Authors: Robert Wise
Tags: #Teen, #Young Adult, #War
Hansel was bored. He’d been staring at the dull glow of his computer screen for the past half an hour now, clicking at random windows, trying to interest himself with passing news stories and the digital bounce of an online game that urged him to hop a square edged character through a world of overgrown plant pots and jungle shaped shrubbery. Neither however, had managed to take his eyes off the tiny clock that sat at the bottom of his monitor for more than thirty seconds. It was almost as though he expected each numeral to shift by the moment and finally disprove his theory that the last hour of the day was always the longest. He ran a web of fingers beneath the frame of his glasses and sighed. Thirty-five minutes…
His eyes fluttered, feeling heavy. A daydream threatened to take h
old but he resisted its darkening advance and clicked away the host of emails that had grouped within his browser. Then he drummed at the mouse until a pale blue shimmer set across his face. A blank document flashed before him and the cursor blinked, an almost mimicking pause, an invitation to write across a welcoming canvas of dazzling white. Writers block had bloomed to its utmost, agonisingly, uncivilized potential and now mustered within the back of Hansel’s mind like a towering wall, laced in vines and thorns that kept out all things creative. Not to worry, nothing important, he thought. He fashioned a sentence of nothingness, something sluggish. His fingers fell into each key, lazily moving from letter to letter. Again, the cursor came to a flickering halt and Hansel sighed and retracted each word. He peered over the brim of his booth. Home time was approaching at its usual glacial pace and final pieces were being submitted, listlessly. Work came as ‘the informer’ a relatively well known newspaper in Munich. Next Tuesday would make it four years since Hansel had been hired. Two of the most recent of those years had been spent lurking around the sports section, contributing photographs and small segments and pre-match notes to the columnist who then bathed in the richness of sporting success. Hansel had learnt to hide his disappointment well.
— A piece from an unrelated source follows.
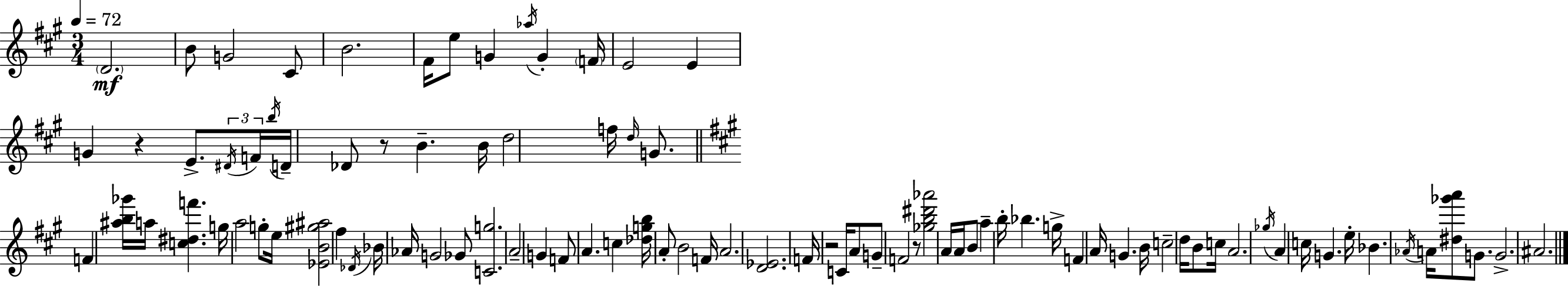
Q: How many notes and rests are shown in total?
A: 91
Even his passion for the game had wilted. Everything had become a statistic, a formula of percentages. His Father had never understood his wilful desire to venture into journalism; he believed the papers these days were nothing but glorified gossip, he was old in his ways. This being said, amidst all the disgruntled comments and dinner table jibes, Hans Kortig Senior
offered at least one fragment of advice, something that Hansel would always remember.
Be Patient, no matter what is it, be patient and in time it will be yours.
After standing pitch side in the harsh Bremen snow for over two hours covering a mid-season cup tie Hansel was starting to think that the suggestion hadn’t been that well-versed. Patience is often easier to cope with when there is a promising position in sight, however at
, nothing was certain. Gaining any kind of promotion or credibility had seemed impossible as of yet and Hansel couldn’t help but feel as though his efforts were being cruelly overlooked.
The squashing of keyboard keys had vanished. Shoulders motioned into jackets and overcoats and umbrellas were readied. Clouds had muddled together for most of the afternoon, dark and stout, spilling down beads of silver from the grumbling heavens until Munich was swamped in scattered puddles. Hansel consulted his watch and made a reach for his satchel when a figure stooped clumsily over the brim of his booth.
‘Hans, I’ve just been in with Weber, he’s giving me a trial run of the Friday morning column, great huh?’ It was Markus Koch, a colleague of
Hansel’s, who at the present moment happened to be wearing an incredibly large grin.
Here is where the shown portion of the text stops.